Luminescent complexes of 2(^nd) and 3(^rd) row transition metal ions with polypyridyl ligands are of growing interest as molecular luminescent sensors. The long luminescence lifetime of iridium (III) bis-terpyridine, [Ir(tpy)(_2)](^3+), makes it and its derivatives of particular interest, but the further development of such compounds requires improved synthetic routes as well as a greater understanding of their photophysical properties. The palladium-catalysed Suzuki cross-coupling methodology has been investigated as a means for the preparation of 4'-aryl and biaryl substituted 2, 2': 6', 2"-terpyridines under mild conditions. Optimal yields were obtained through the coupling of 4'-bromoterpyridine or 4'-bromophenylterpyridine with aryl boronic acids or esters, to yield aryl or biaryl-substituted terpyridines respectively. A photophysical study has revealed that most of the terpyridines prepared in this way emit in the near-UV region, from a ligand-centred (πtpy-πtpy*) state, with lifetimes in the 1-5 ns range.

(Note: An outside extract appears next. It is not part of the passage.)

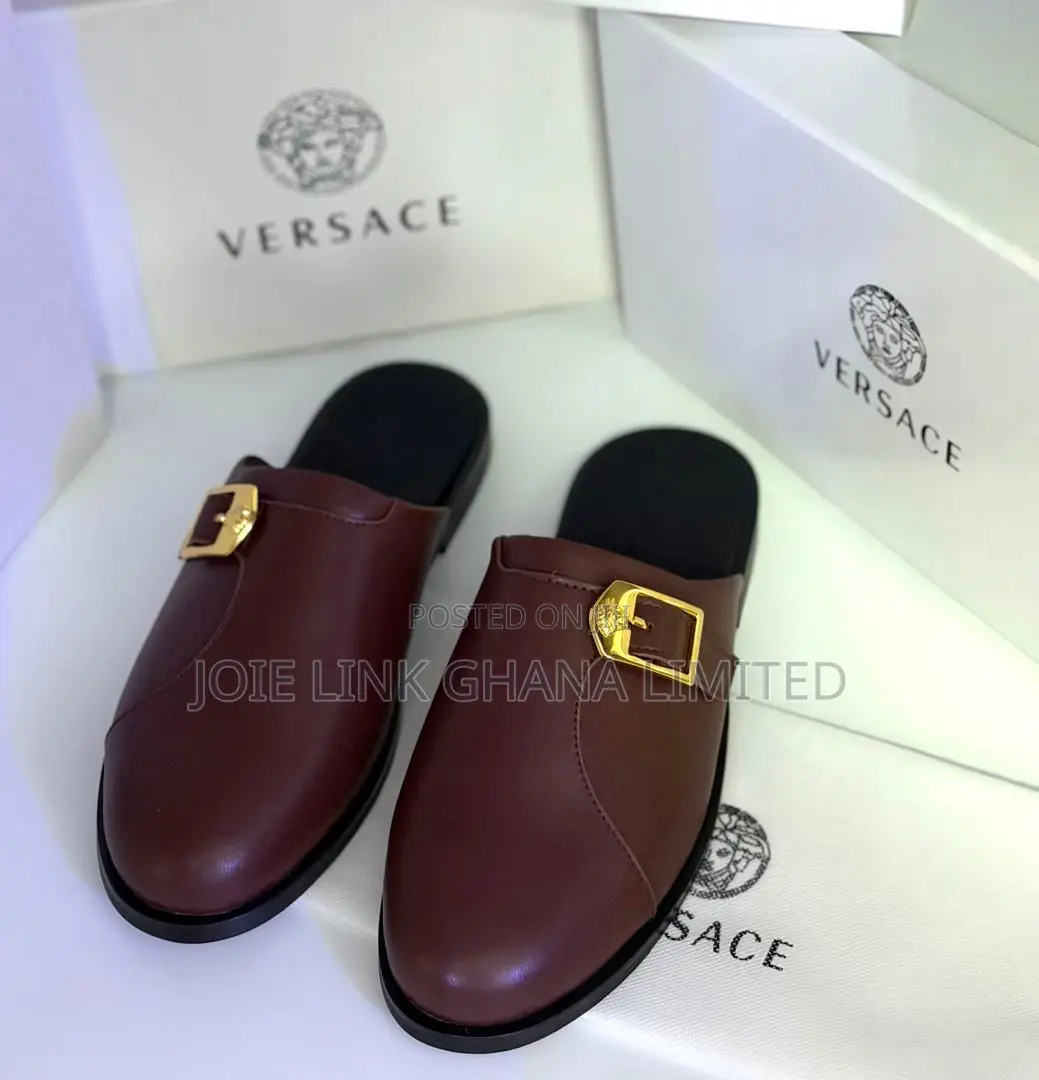 Original Versace Men’S Slippers Available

However, those bearing a para-aminq group in the pendent aryl or biaryl substituent display solvatochromic emission assigned to an intramolecular charge transfer (ICT) state (πph-πpy*). The ICT state is stabilised upon binding of zinc ions to the terpyridyl moiety, leading to a large red-shift in emission, a response which is almost unique to this metal ion. The utility of the cross-coupling strategy for the in situ elaboration of bromo-functionalised iridium bis-terpyridyl complexes has also been demonstrated. The complex [Ir(tpy)(tpy-ɸbr)](^3+) reacts with aryl boronates to yield biaryl-substituted complexes directly. These complexes display yellow-orange emission in degassed solution, with luminescence lifetimes in excess of 100 μs, assigned to an excited state of primarily (^3)π-π* character. Homoleptic iridium (III) complexes of para-amino-substituted 4'-aryl terpyridines have been prepared directly by complexation of the metal to the ligands. These complexes display weak, short-lived emission in the near infra-red region of the spectrum, assigned to a 'ILCT state which is stabilised relative to the free ligand by the binding of the iridium (III) ion to the terpyridine unit.